An infinite number of boards are lined up, and the number $1$ is written on the first board.
Write the numbers on the board from the left, but the number written on the $n$th board can only be the sum of the two numbers written on the $1$st to $n-1$th boards. (It is allowed to draw two numbers from the same board and write the sum of the numbers.)
Let f(x) be the minimum position on the board where x can appear.
For example, $1,2,3,4,5$ are possible and $1,2,4,5$ are also possible and $3$th boards's number can only $3$ or $4$. From this, you can know $f(5)=4$.

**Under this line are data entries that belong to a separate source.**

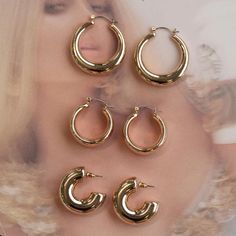 3 Pairs Never Worn Earring Hoop, Princess Polly, Jewelry Earrings, Hoop Earrings, Women Jewelry, Gold, Women Shopping, Color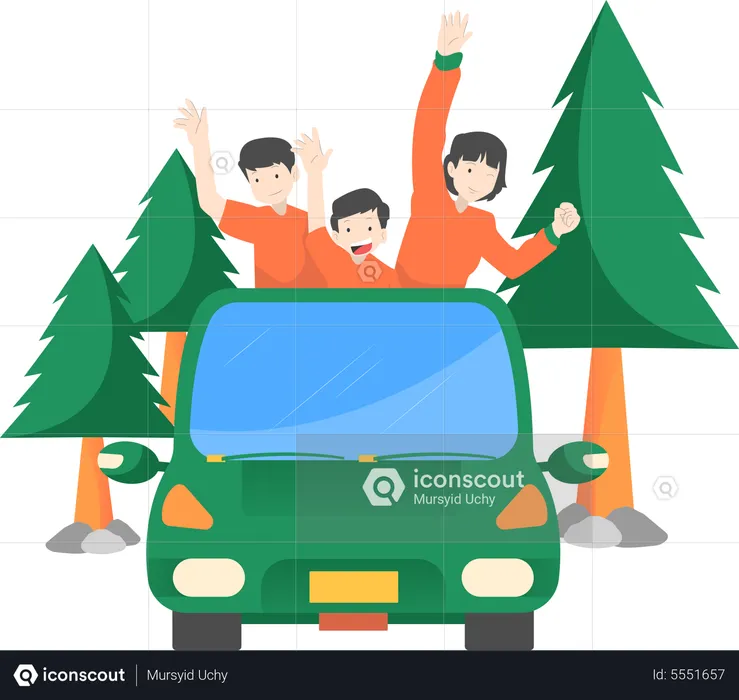 Travelling With Family  Illustration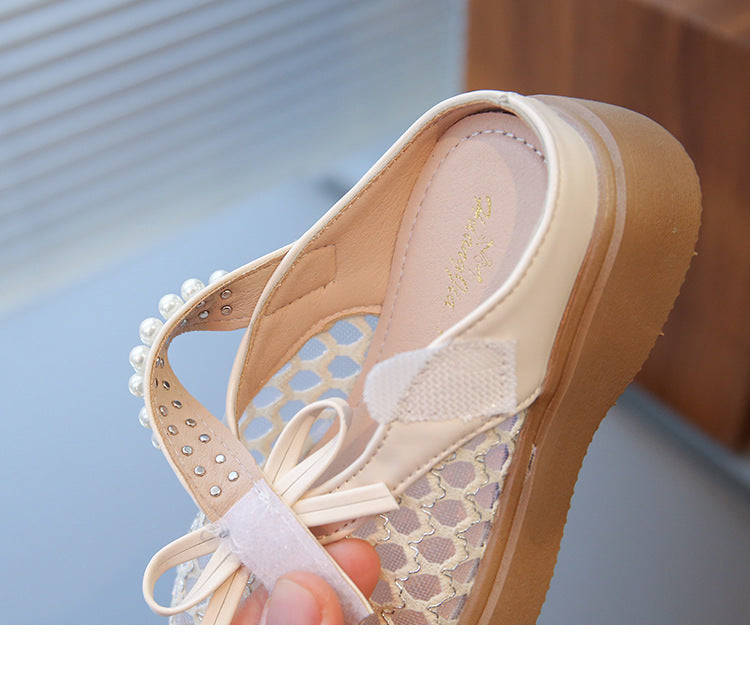 [381298 Size 26-37] - Sepatu Sandal Slip On Versatile Korean Version Anak Perempuan Cewek - Motif Hollow Pearl - BABYHOKI STORE - BABYHOKI STORE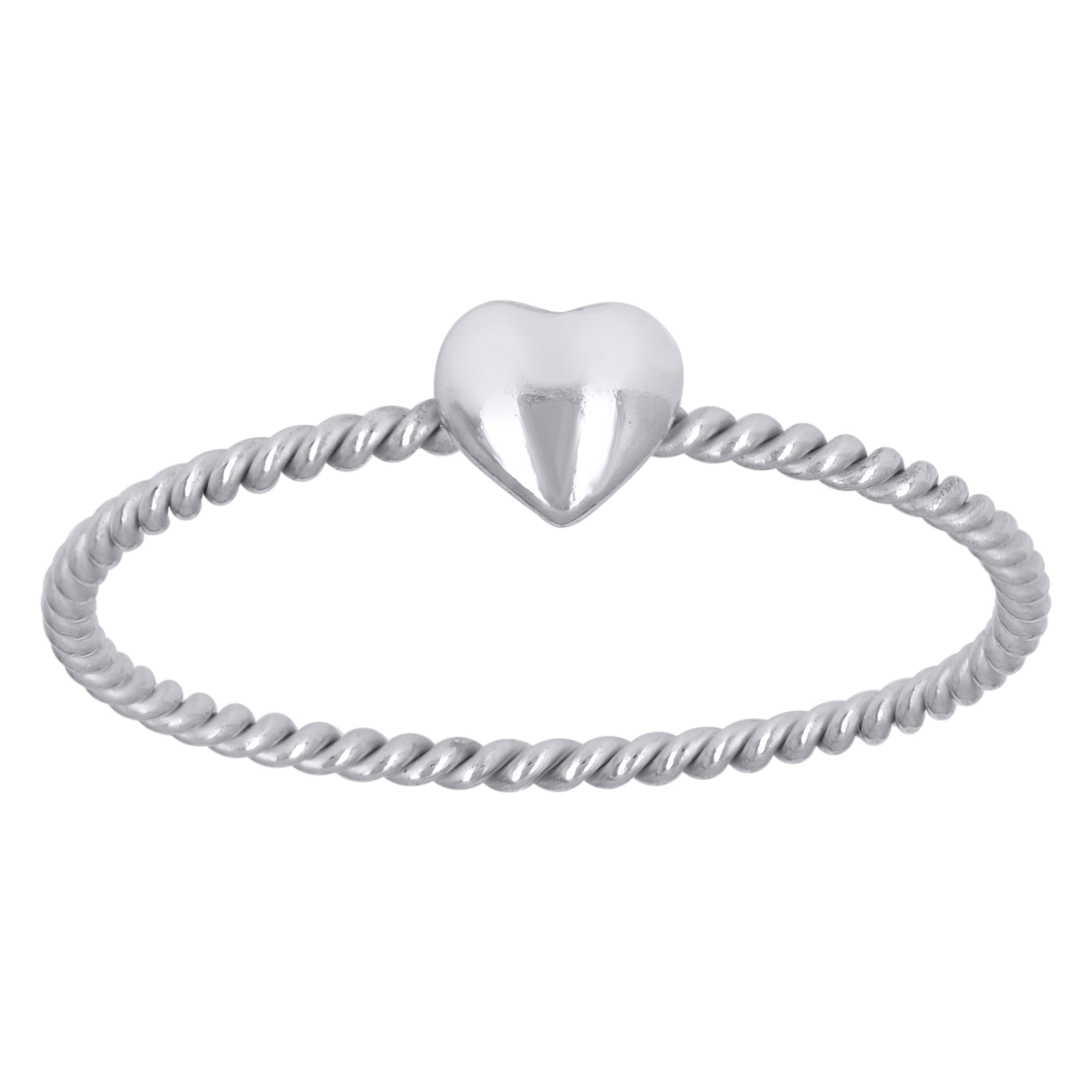 925 Sterling Silver Womens Heart Love Ring Size 7 - SLV-106999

I think it so hardly but I cannot think answer. I proved $f(mn) \leq f(m)+f(n)-1$. This is simply proved. If $(a_1 , a_2, ...,a_{f(n)}=n)$ and $(b_1 , b_2, ...,b_{f(m)}=m)$ are possible then $(a_1, a_2, ...,a_{f(n)}=n=nb_1, nb_2, ..., nb_{f(m)}=nm)$ are possible. So $f(nm) \leq f(n)+f(m)-1$.
I think If $n$ is prime, $f(mn) = f(m)+f(n)-1$.(Maybe be wrong) So I think we can find a function using the function values for all prime numbers.
Is my guess correct? How can I find the function $f$?